The best music player.
- Installation
- Screenshots
- Features
- Upcoming Features
- Supported Audio Formats
- Performance
- Philosophy
- Developing
- Bugs
Jolteon is available for Linux and MacOS (both Apple Silicon and Intel).
You should be able to just download the binary, chmod +x jolteon, and run it.
Run the following script to download the latest release for your platform:
Bash:
curl -s -o- https://raw.githubusercontent.com/lautarodragan/jolteon/refs/heads/main/get.sh | bash
Nushell:
http get https://raw.githubusercontent.com/lautarodragan/jolteon/refs/heads/main/get.nu | nu -c $in
Nushell, longer version:
let folder = mktemp --tmpdir --directory --suffix .jolteon
let file = $folder | path join "get.nu"
print $"Downloading Jolteon installation script to ($file)"
http get https://raw.githubusercontent.com/lautarodragan/jolteon/refs/heads/main/get.nu | save $file
^$file
Or…
- See releases for published releases and nightly builds.
- See the release workflow run history for binaries built automatically for every commit to
main.
cargo +nightly install jolteon
git clone --depth=1 https://github.com/lautarodragan/jolteon.git
cd jolteon
cargo install --path .
On Linux, you may need to install the ALSA lib dev package.
# Arch
sudo pacman -S alsa-lib
# Ubuntu
sudo apt-get install libasound2-dev
Screenshots (Transparent)
Using Kitty with background_opacity 0.6, Hyprland with blur enabled, and Jolteon configured to use GruvboxDarkTransparent
and the beautiful wallpaper of Outset Island by Matt Vince.
Jolteon offers the standard features you'd expect of a music player: a library, playlists, playing queue and a file browser, a status indicator, and supports cue sheets and media keys.
It also offers some special features that no other player has.
Let's start with the basics.
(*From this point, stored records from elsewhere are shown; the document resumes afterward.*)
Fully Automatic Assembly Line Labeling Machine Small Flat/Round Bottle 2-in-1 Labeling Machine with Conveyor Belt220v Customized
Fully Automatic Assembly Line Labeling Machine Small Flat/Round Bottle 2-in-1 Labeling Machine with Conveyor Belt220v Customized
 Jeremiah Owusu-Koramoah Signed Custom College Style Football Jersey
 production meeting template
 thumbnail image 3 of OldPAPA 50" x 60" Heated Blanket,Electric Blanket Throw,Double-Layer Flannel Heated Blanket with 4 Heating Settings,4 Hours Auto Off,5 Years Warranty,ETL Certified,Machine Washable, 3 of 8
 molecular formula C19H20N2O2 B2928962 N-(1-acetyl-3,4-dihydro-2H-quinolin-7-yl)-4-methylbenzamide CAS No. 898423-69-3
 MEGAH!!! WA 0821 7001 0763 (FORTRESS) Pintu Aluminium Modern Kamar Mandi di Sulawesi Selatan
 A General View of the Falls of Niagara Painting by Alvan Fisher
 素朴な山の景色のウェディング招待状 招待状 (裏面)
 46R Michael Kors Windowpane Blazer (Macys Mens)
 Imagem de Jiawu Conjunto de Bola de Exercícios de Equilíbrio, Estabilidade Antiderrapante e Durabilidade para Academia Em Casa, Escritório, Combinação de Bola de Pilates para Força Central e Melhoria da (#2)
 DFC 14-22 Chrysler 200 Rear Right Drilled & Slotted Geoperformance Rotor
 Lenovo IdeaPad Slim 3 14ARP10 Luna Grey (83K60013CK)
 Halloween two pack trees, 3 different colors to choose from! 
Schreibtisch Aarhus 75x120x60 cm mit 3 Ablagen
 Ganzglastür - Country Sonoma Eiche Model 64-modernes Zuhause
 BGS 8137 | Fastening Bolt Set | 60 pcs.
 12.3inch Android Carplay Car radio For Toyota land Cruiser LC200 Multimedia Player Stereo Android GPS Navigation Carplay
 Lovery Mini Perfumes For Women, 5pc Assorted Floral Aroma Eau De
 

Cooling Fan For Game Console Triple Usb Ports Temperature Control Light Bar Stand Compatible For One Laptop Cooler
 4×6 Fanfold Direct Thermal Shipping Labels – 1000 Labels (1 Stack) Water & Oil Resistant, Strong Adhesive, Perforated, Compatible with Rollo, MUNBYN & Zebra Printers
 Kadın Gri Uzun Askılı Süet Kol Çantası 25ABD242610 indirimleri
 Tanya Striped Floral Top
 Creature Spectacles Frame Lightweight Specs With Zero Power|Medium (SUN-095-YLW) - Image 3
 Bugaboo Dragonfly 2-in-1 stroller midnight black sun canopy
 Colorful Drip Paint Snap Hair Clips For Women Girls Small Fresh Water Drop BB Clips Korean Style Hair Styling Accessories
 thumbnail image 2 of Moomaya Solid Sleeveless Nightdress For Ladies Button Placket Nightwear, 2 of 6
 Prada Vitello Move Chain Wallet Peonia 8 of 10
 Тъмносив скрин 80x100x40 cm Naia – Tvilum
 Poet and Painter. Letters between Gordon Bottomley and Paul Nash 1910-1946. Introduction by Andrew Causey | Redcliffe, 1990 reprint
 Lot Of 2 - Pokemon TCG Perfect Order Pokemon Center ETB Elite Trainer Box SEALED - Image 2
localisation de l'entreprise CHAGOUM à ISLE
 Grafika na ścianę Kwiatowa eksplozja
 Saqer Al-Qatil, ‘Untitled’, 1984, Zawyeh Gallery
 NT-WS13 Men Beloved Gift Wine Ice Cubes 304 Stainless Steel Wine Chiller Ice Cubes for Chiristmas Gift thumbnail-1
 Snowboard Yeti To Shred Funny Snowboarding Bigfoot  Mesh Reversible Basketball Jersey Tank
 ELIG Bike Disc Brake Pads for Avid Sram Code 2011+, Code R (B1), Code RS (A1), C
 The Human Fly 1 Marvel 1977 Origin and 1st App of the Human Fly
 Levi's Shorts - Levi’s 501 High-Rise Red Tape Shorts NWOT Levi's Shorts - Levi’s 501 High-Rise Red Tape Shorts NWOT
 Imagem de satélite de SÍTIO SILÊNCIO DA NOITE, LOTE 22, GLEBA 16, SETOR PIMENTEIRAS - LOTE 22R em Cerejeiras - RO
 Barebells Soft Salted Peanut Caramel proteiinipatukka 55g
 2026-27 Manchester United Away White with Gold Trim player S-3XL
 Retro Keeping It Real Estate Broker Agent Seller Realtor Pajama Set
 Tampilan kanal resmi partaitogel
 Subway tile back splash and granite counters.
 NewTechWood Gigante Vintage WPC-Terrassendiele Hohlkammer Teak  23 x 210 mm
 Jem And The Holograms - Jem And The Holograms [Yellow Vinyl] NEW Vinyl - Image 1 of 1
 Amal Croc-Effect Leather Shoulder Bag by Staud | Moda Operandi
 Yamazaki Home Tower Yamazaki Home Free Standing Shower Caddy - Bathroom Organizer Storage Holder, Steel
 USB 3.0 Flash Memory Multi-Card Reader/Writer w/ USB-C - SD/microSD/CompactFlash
These are the main actions and their default key bindings:
| Key | Action |
|---|---|
| Tab | Cycles through focusable elements in the screen. |
| 1 | Select Library |
| 2 | Select Playlists |
| 3 | Select Queue |
| 4 | Select FileBrowser |
| 5 | Select Help |
| Ctrl + Space | Toggle play/pause |
| + | Increase volume |
| - | Decrease volume |
| Ctrl + Left | Seek backwards 5s |
| Ctrl + Right | Seek forwards 5s |
| Alt + Q | Repeat: None (Turn Off) |
| Alt + W | Repeat: One Song |
| Alt + E | Repeat: Entire Queue |
| Alt + R | Repeat: Toggle |
| Library Screen | |
| Any letter key | Search |
| Alt + ↓ | Next artist |
| Alt + ↑ | Previous artist |
| Ctrl + ↓ | Reorder album inside artist |
| Ctrl + ↑ | Reorder album inside artist |
| Ctrl + Del | Remove album from library |
| ↓ | While Searching: Select Next Result |
| ↑ | While Searching: Select Previous Result |
| Esc | While Searching: Exit search mode |
| Enter | While Searching: Exit search mode + play selection |
| Space | Collapse or expand selected artist |
| (, Alt + 9 | Collapse all artists |
| ), Alt + 0 | Expand all artists |
| Playlist Screen | |
| F5 | View: Toggle Artist |
| F6 | View: Toggle Album |
| F7 | View: Toggle Year |
| F8 | View: Toggle TrackNumber |
| F9 | Open/Close Playlist Graveyard |
| Enter | Add Selected Song / Playlist to Queue |
| Alt + Enter | Play Selected Song / Playlist immediately |
The key bindings are configurable.
To see the full list of default key bindings, you can run jolteon print-default-key-bindings
or see actions.ini.
Custom key bindings are read from ~/.config/jolteon/actions.ini.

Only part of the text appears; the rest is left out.